You probably read the “What to Expect When You’re Expecting” books like I did. Did you want to shred yours like I did? Mine read like a book of lies. The information wasn’t necessarily incorrect…it just didn’t apply to me. My morning sickness lasted well beyond the first trimester, thus ruining the entire book for me. I skipped the chapter about c-sections because that information didn’t apply to me either. It was for women who didn’t come from super-birthing-mothers. Like me. It wasn’t in the plan. I’ll never forget when our childbirth class guest obstetrician told us that one in every three women in the room would end up having a c-section. I looked around the room and whispered to my husband with genuine compassion, “That’s really sad for them.” My plan not to plan for the unexpected slammed into my plan at 4am with a breach baby who needed an emergency c-section.

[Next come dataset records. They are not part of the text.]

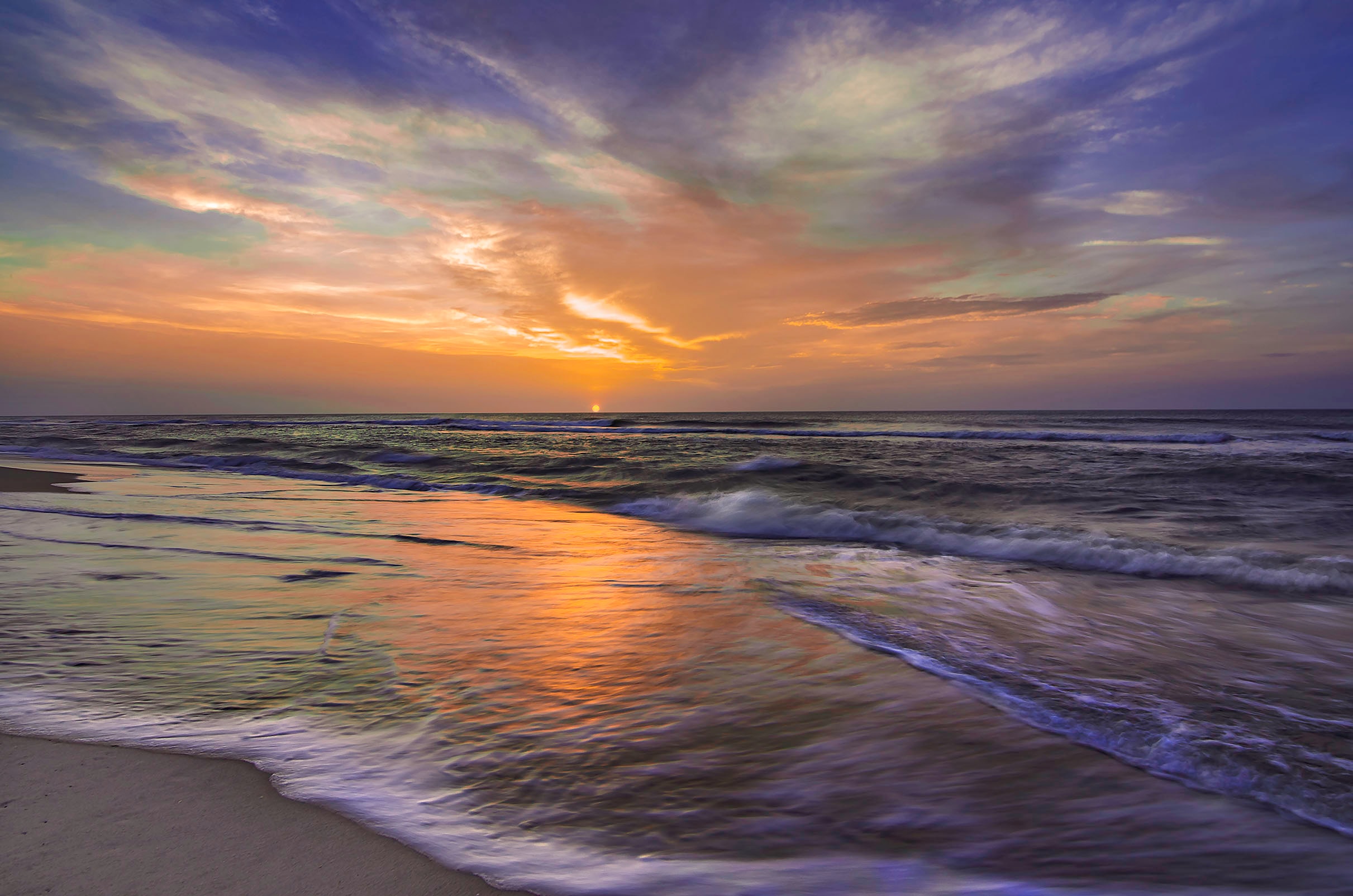 Sunrise over the Atlantic at the Outer Banks, golden light reflected in the wet sand as waves wash ashore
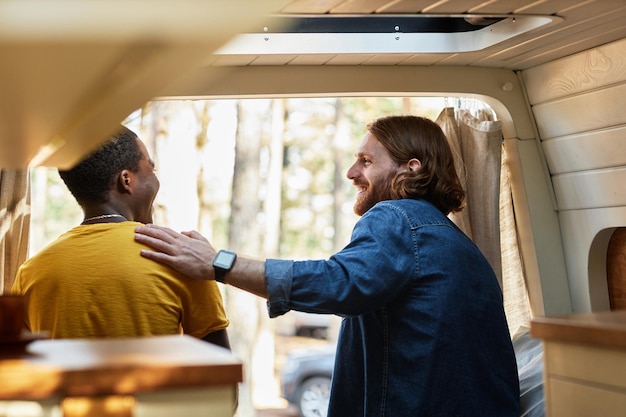 Foto achteraanzicht van vrienden die met elkaar praten terwijl ze in de camper zitten tijdens het kamperen in het bos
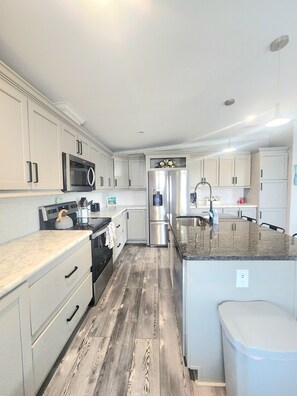 A spacious kitchen with white cabinetry, a central island, stainless steel appliances, and a wooden floor. - Coral Cove Cottage-Walk to Beach-Near Downtown (St. Augustine)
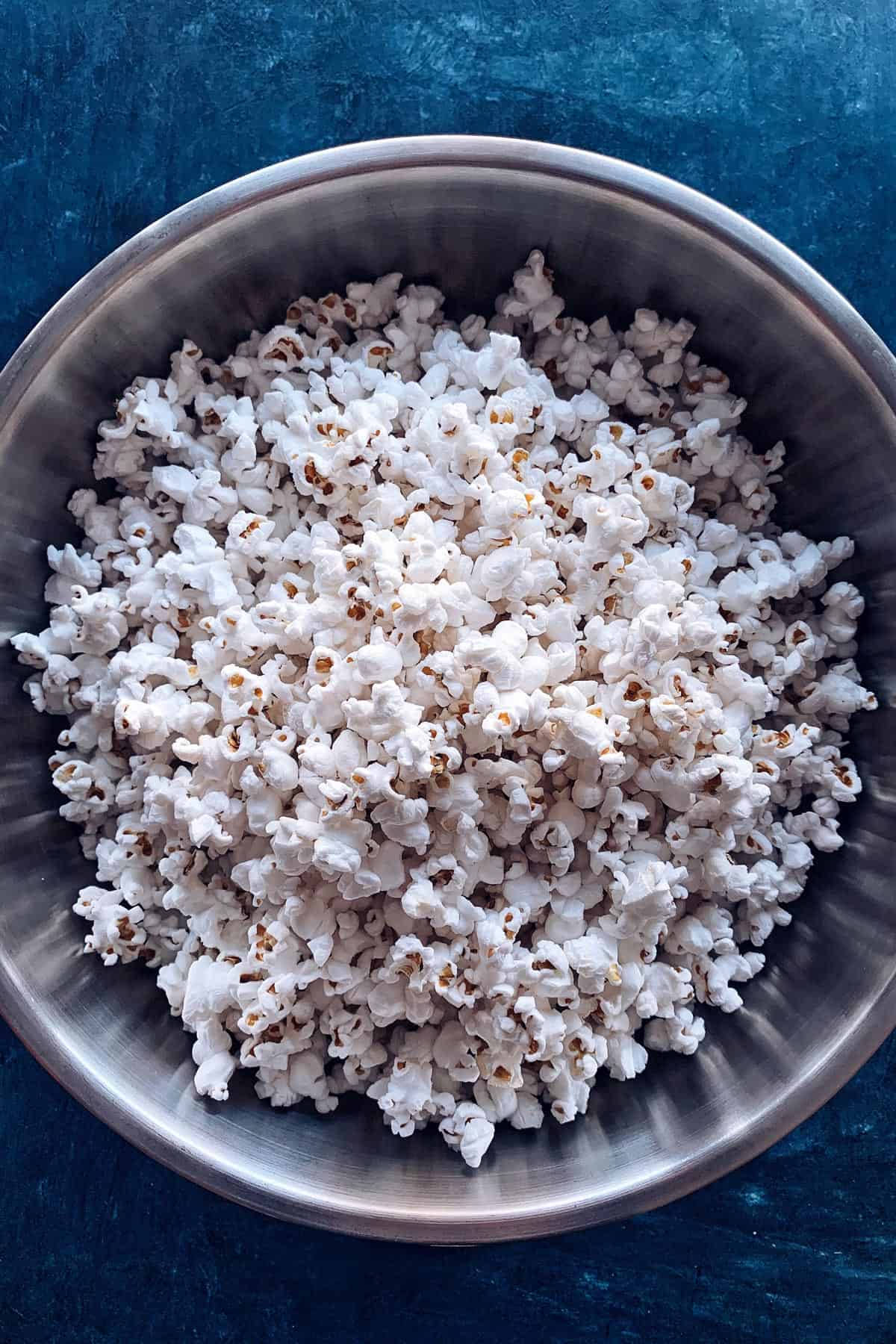 popcorn in large stainless steel bowl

You would think that having the snot kicked out of my plans over and over and over I’d learn that my plans c) rarely go like I expect them to would teach me to STOP with the over-planning. I guess you could say I’m a slow learner. I also have to believe there’s hope for me and for others like me. There are others like me, right?
Plans aren’t bad. The desire for order is very good and given to us by the One in whose image we were made. God loves order. All we have to do is look at creation to see that he’s an expert at order. Plans get sticky when my desire to be in control supersedes God’s plan for my life or those that he’s entrusted to me. Turns out my ‘expert’ party planning skills aren’t appreciated in every aspect of our lives. Like I said, I’m a slow learner.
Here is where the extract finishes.